Started by Pawel March 24, 2008
Hello All,

I did some very simple ifft of real valued vector representing
frequency domain samples ie. X[n]=[1 2 3 3 2]; imaginary part is 0 for
all samples, to my surprise recreated time domain signal is h[n]=[2.2
-0.52  -0.076 -0.076 -0.52].Those two last samples in h[n] look like
they are just symmetry around first sample. According to my knowledge
this should represent noncausal filter with symmetry around sample 0 -
zero imaginary part hence phase for all samples is 0. Why this
repetition of last two samples - shouldn't they be at the begining. Or
in the other words how to define filter that is symmetrical around
sample 0?

Kind regards

Pawel
Reply by Tim Wescott March 24, 20082008-03-24
Pawel wrote:

> Hello All,
> 
> I did some very simple ifft of real valued vector representing
> frequency domain samples ie. X[n]=[1 2 3 3 2]; imaginary part is 0 for
> all samples, to my surprise recreated time domain signal is h[n]=[2.2
> -0.52  -0.076 -0.076 -0.52].Those two last samples in h[n] look like
> they are just symmetry around first sample.
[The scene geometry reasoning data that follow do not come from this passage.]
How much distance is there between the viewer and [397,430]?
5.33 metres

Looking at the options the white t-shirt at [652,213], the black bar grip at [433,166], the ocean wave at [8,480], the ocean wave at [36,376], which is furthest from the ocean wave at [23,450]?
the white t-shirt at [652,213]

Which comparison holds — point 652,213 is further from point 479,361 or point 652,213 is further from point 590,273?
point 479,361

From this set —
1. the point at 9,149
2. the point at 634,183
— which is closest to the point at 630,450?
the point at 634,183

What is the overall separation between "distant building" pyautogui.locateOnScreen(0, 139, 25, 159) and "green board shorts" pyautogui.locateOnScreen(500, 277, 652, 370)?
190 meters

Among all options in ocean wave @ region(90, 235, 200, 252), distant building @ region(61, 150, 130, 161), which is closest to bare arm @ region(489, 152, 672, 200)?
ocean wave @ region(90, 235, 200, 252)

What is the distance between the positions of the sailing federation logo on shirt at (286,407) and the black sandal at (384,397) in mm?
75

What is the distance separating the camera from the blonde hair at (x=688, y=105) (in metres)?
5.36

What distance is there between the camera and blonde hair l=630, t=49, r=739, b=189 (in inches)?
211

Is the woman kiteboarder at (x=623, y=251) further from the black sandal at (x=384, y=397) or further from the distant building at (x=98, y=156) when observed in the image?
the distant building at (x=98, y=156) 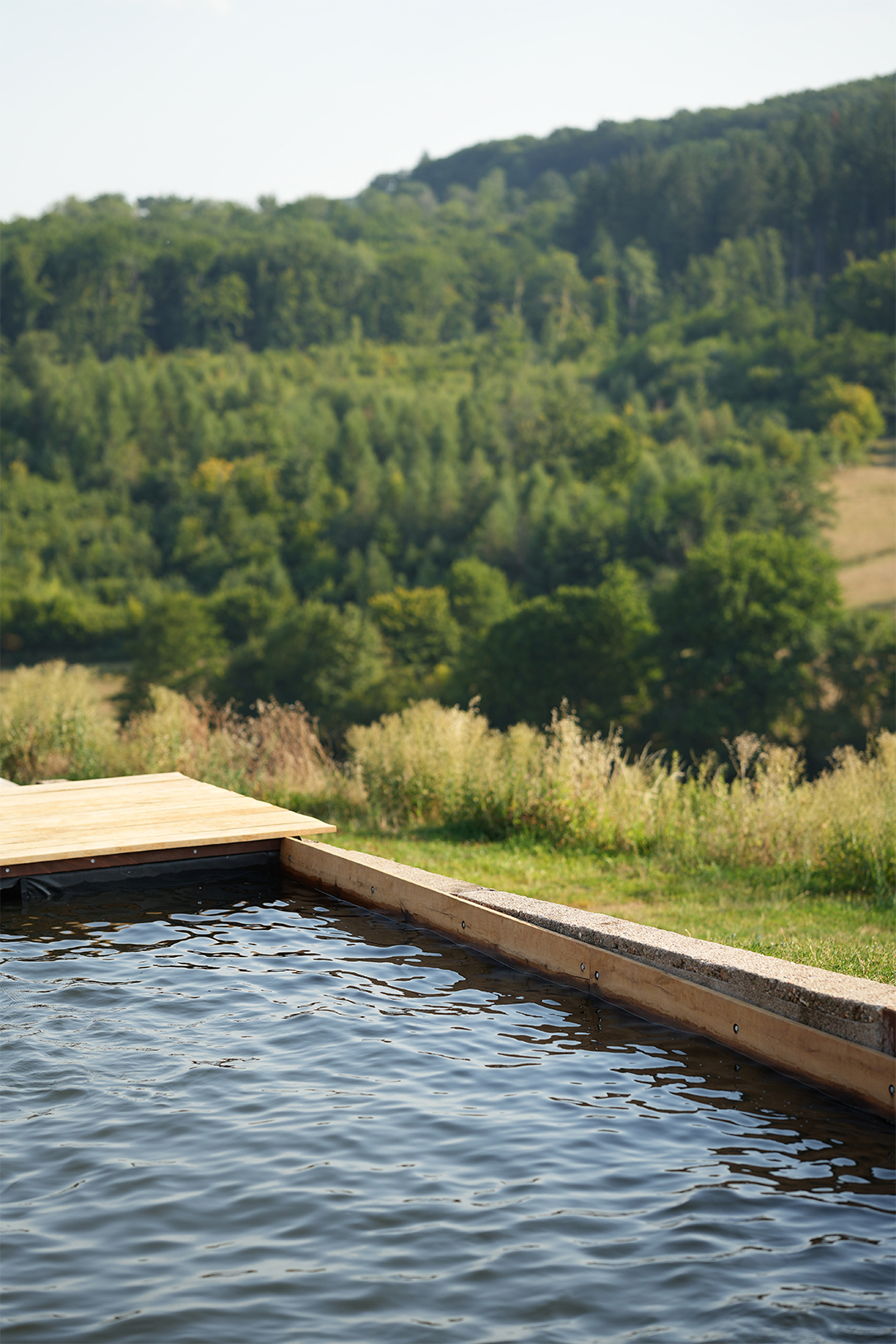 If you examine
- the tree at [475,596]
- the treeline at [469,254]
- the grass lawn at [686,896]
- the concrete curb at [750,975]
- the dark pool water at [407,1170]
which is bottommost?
the tree at [475,596]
According to my knowledge
> this should represent noncausal filter with symmetry around sample 0 -
> zero imaginary part hence phase for all samples is 0. Why this
> repetition of last two samples - shouldn't they be at the begining. Or
> in the other words how to define filter that is symmetrical around
> sample 0?
> 
> Kind regards
> 
> Pawel


Your results are correct, only your interpretation of them is confused.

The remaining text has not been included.